To receive SSI benefits, a child must be either blind or disabled. A child is anyone under the age of 18 or under the age of 22 and regularly attending school. Blindness is defined as a central visual acuity of 20/200 or less in the better eye or a visual field limitation in the better eye that restricts vision to an angle of no greater than 20 degrees. Disability for a child is defined as a medically determinable physical or mental impairment that causes marked and severe functional limitations and can be expected to either result in death or persist for at least 12 months. When the child reaches the age of 18, the SSA evaluates the disability according to the definitions that apply to adults.

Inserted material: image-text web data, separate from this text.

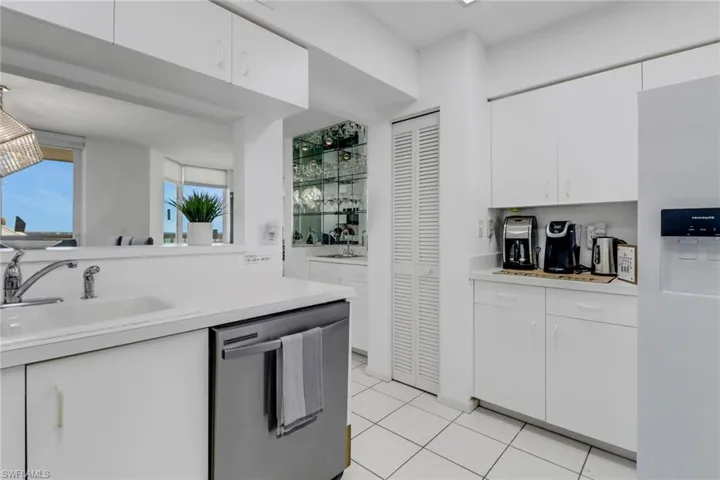 Kitchen with white cabinetry, dishwasher, light countertops, white refrigerator with ice dispenser, and light tile patterned flooring
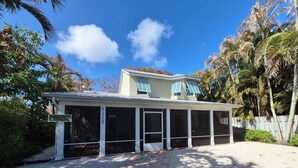 A two-story building with a covered porch and a sign indicating it is a gallery house.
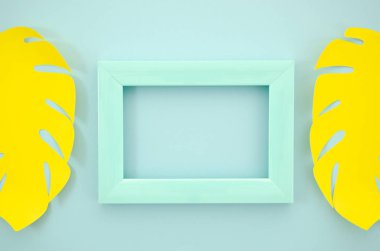 Üst görünüm siyah mavi çerçeve sarı kağıt palmiye ile süslenmiş mavi plastik bir çerçeve bırakır. Düz yatıyordu mockup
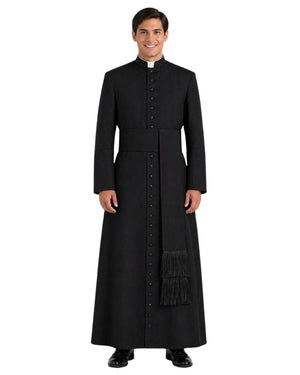 A man wearing a long black clerical cassock with a high collar, front button closure, waist tie, and a matching black scapular with fringe, photographed against a plain white background.
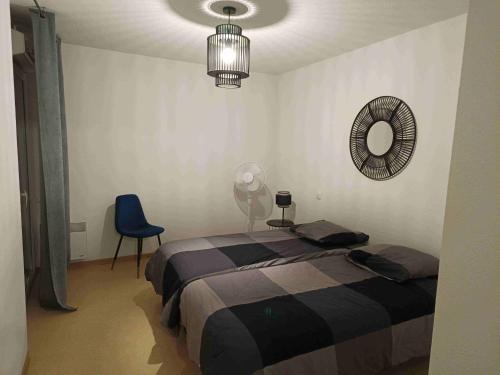 ein Schlafzimmer mit einem Bett, einem Spiegel und einem Stuhl in der Unterkunft Appartement T2 - PMR à 750 Mètres de la Station Thermale d'Avène (34) in Avène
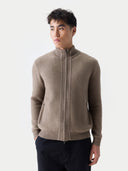 Man wearing a brown zip-up sweater against a white background. #color_taupe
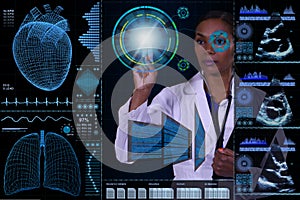 A female doctor is visible behind a futuristic computer floating in front of her.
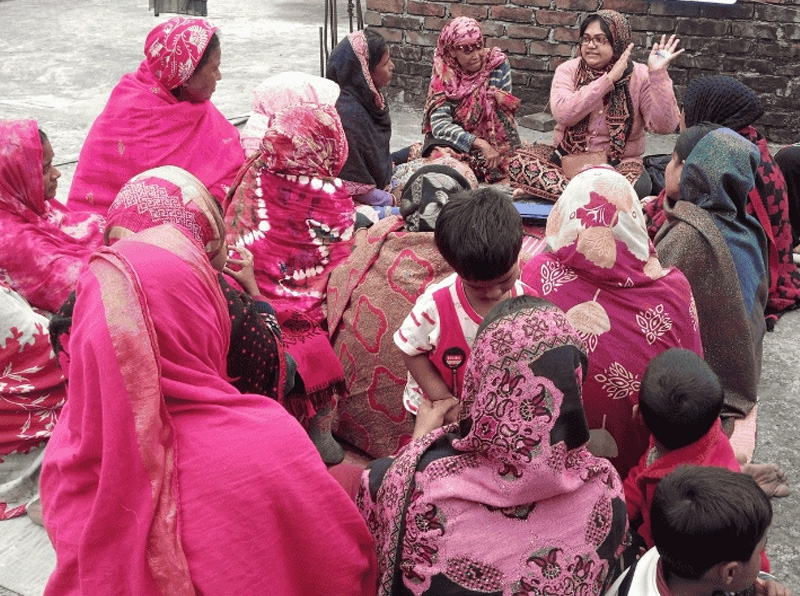 Women and children are gathered and sitting listening to a woman speaker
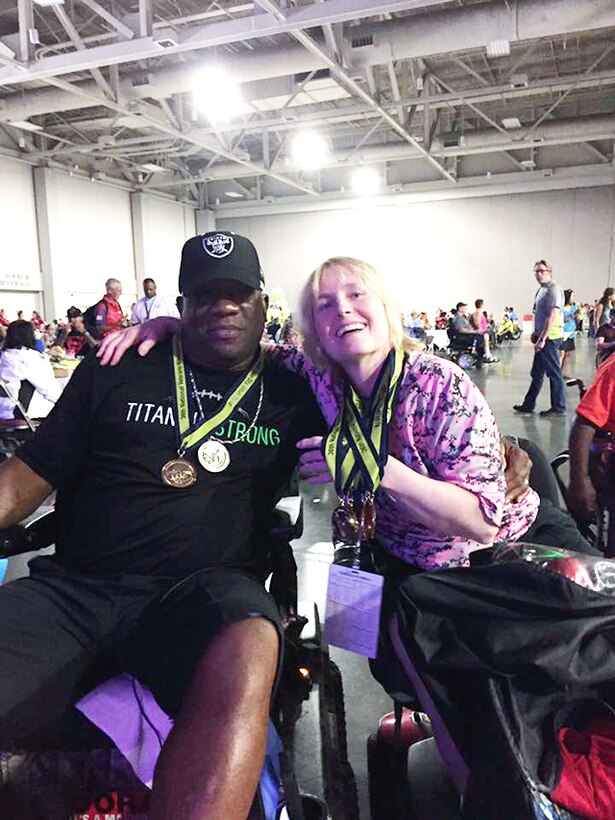 Kathy Tilbury poses with Duke Roscoe, a retired Marine from Atlanta, Georgia. Both received gold medals after competing in handle ball bowling during the National Veterans’ Wheelchair Games June 26 – July 2, 2016 in Salt Lake City, Utah. Tilbury is a retired Navy Petty Officer 2nd Class, and currently works as a program management analyst for Defense Logistics Agency’s Office of Operations Resource and Research Analysis on Defense Supply Center Richmond, Virginia.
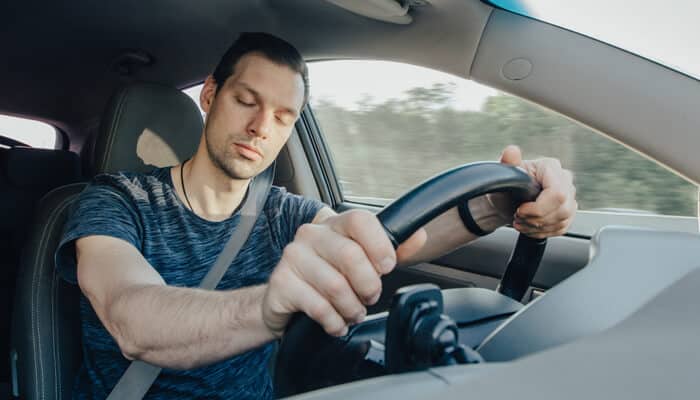 Driver falling asleep at the wheel, showing the dangers of drowsy driving car accident and fatigue-related crash risks.

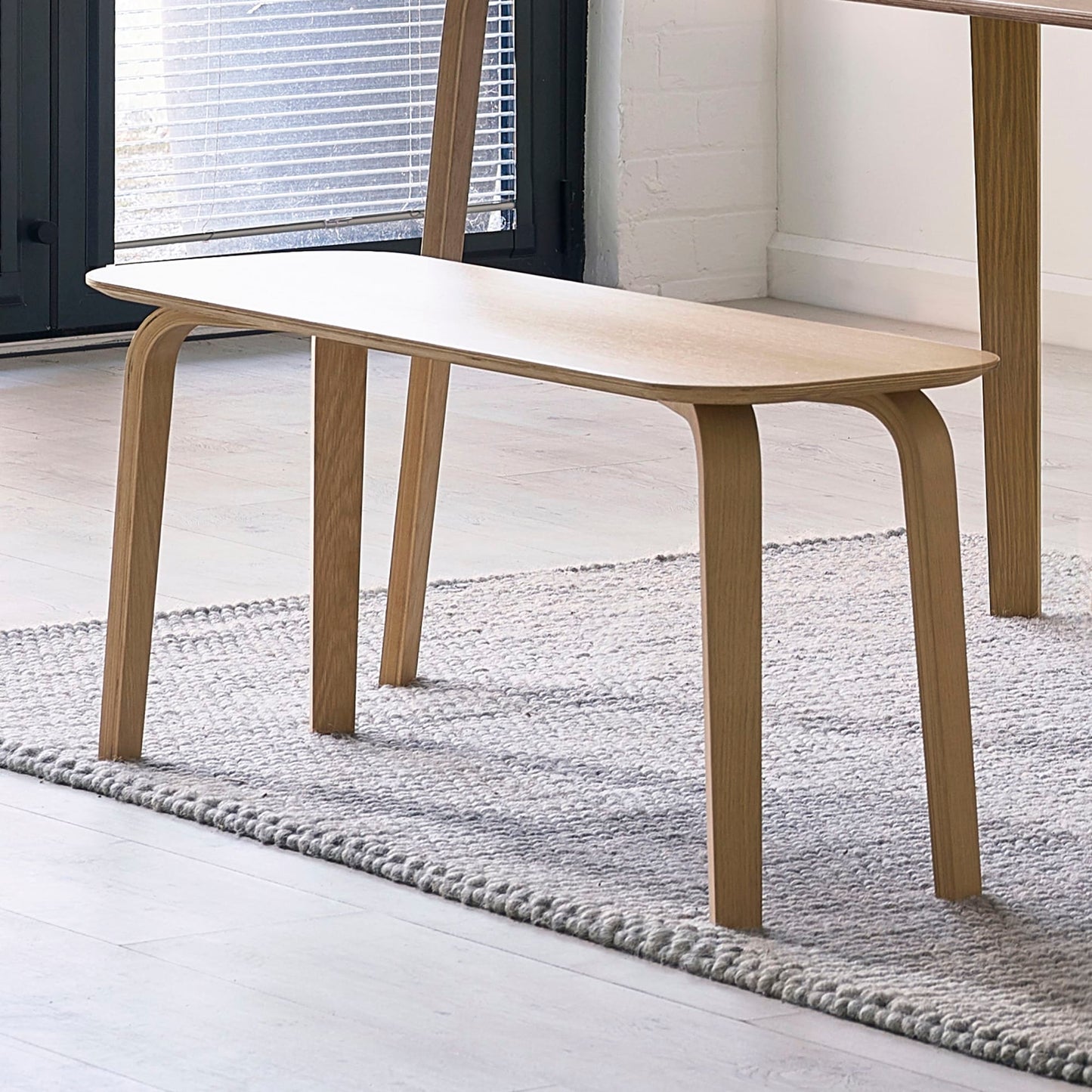 Kaito oak wooden dining bench styled beside a matching dining table on a textured rug in a bright modern home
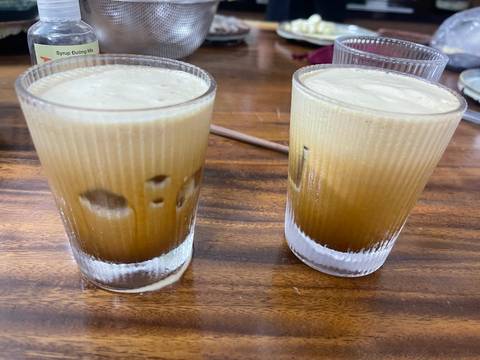 Two glasses of iced coffee on a wooden table.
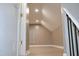 Loft featuring neutral paint, a vaulted ceiling and light-colored flooring at 1536 Granville Street, Burlington, NC 27215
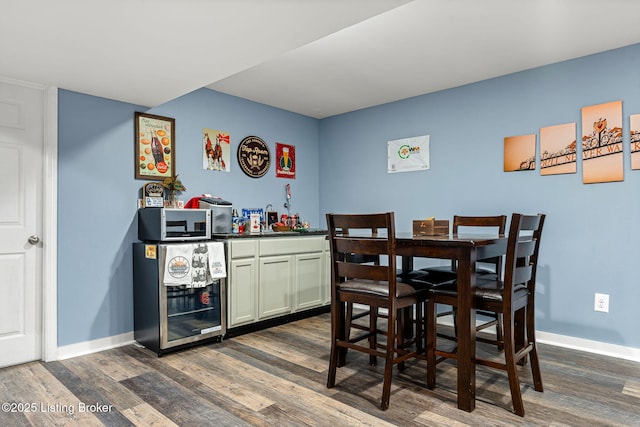 dining area with wine cooler, baseboards, a bar, and dark wood finished floors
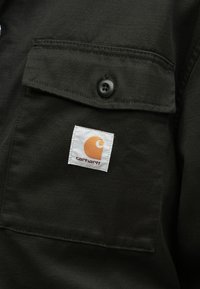 Ciemnozielona koszula z patką na kieszeni, ozdobiona czarnym guzikiem. Zawiera kwadratową białą etykietę z pomarańczowym logo i napisem "carhartt."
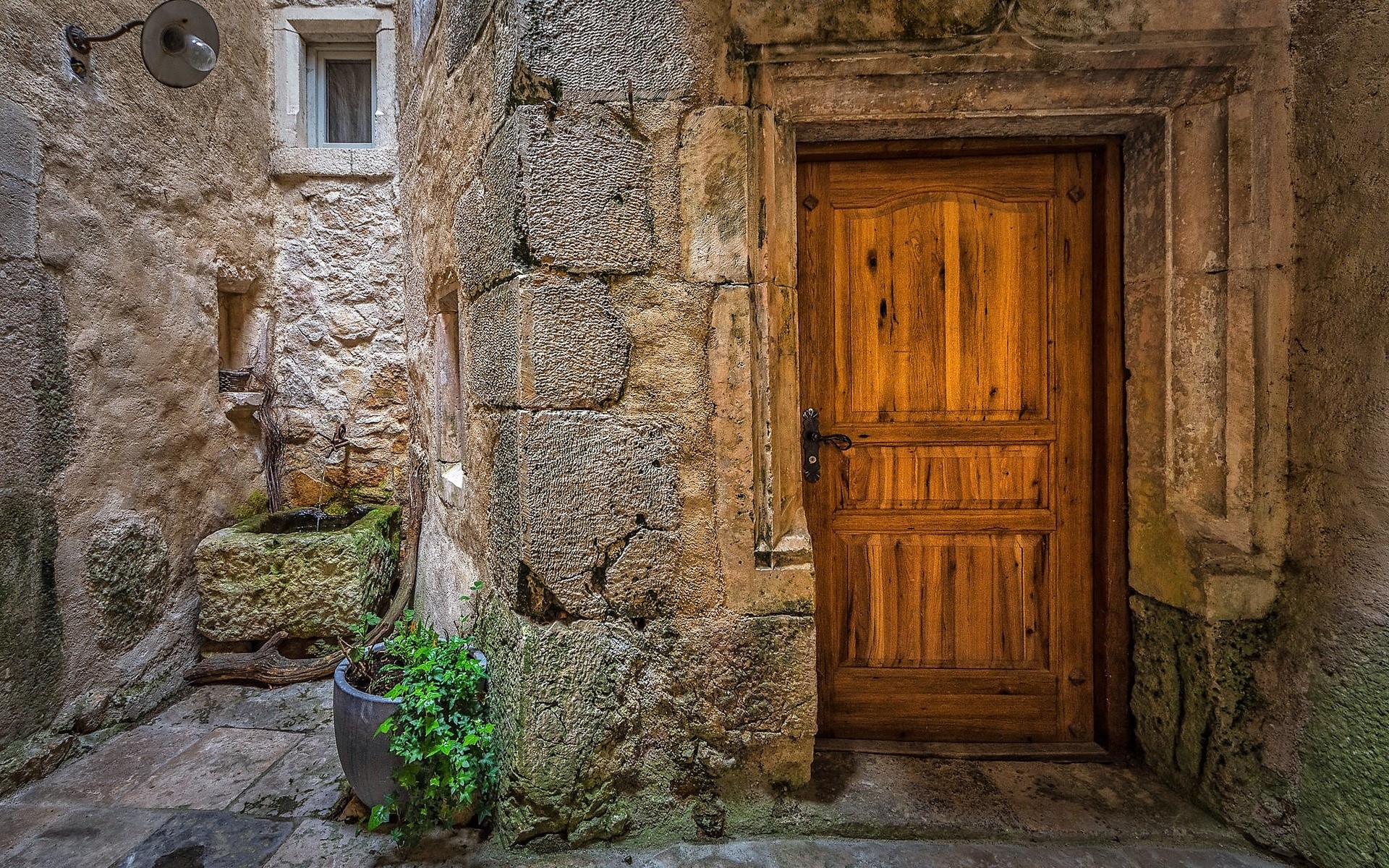 Old stone alley with wooden door and fountain HD Wallpaper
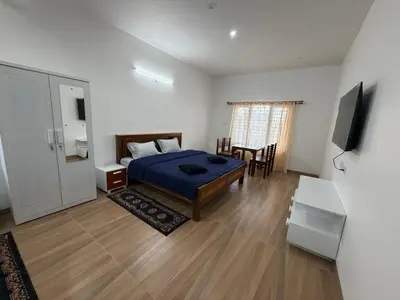 a bedroom with a bed and a table and a tv at Kerith in Kodaikānāl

The SSA will review all income that is available in the child’s home. Part of this process is called “deeming.” In the “deeming” process, the SSA may allocate a portion of the parents’ income to the child, that is, part of the parents’ income will be deemed to belong to the child. This process may reduce the amount of SSI benefits that are paid to the child.
Determining whether a child is eligible for SSI benefits may seem relatively simple, but the calculation of benefits may be complex. Anyone who has questions about applying for SSI benefits for a child or calculating the amount of the monthly benefit may wish to consult an attorney who is experienced in handling SSI benefit claims.